■ HOW TO COMPLETE THIS TASK
Identify and copy all lines of the material where the string "lamp" is found.

■ DATASET EXCERPTS

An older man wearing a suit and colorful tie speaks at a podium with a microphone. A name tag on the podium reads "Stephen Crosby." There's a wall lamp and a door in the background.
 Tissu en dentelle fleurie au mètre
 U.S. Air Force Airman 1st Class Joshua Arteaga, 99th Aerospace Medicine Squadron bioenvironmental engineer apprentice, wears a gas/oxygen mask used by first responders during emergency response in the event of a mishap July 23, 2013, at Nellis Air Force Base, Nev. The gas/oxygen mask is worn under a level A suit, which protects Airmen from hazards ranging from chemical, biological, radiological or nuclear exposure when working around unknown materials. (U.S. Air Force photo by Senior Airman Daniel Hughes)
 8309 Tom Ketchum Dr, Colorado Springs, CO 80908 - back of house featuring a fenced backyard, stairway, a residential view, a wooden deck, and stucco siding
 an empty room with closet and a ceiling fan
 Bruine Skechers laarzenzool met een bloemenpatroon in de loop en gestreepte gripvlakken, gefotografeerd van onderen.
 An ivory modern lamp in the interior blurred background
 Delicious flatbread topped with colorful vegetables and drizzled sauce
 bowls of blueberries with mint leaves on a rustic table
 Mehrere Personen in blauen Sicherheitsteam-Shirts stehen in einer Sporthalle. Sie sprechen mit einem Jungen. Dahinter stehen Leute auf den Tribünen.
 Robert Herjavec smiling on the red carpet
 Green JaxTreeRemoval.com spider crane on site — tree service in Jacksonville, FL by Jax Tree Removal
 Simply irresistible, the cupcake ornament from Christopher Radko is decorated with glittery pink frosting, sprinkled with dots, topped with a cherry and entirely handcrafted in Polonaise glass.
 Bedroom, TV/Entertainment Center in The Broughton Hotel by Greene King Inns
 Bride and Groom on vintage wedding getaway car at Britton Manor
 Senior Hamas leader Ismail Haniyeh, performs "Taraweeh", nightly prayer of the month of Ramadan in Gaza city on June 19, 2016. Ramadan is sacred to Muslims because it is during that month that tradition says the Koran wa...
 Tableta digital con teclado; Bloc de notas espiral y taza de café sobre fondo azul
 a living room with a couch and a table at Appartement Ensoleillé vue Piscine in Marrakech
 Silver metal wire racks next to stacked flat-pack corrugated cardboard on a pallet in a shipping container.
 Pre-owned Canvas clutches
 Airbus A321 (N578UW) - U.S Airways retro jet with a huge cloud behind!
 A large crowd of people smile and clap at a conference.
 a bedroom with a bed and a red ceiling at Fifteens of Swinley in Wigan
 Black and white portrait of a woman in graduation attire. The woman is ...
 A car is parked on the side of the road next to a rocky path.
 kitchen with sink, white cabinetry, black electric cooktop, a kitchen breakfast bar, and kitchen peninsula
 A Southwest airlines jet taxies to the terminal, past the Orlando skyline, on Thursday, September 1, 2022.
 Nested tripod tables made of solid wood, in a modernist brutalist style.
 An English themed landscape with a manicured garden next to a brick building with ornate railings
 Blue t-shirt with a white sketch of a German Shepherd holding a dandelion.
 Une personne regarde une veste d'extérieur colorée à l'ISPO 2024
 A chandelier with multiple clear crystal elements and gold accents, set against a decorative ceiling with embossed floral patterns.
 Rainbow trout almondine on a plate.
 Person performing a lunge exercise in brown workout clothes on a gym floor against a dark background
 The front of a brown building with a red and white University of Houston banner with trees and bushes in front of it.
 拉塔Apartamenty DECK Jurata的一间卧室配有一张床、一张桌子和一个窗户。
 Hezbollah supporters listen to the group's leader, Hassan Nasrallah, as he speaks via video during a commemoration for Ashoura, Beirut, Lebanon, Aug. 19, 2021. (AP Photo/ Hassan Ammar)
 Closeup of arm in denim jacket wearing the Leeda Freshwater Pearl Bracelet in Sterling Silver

■ TASK RESPONSE
An older man wearing a suit and colorful tie speaks at a podium with a microphone. A name tag on the podium reads "Stephen Crosby." There's a wall lamp and a door in the background.
 An ivory modern lamp in the interior blurred background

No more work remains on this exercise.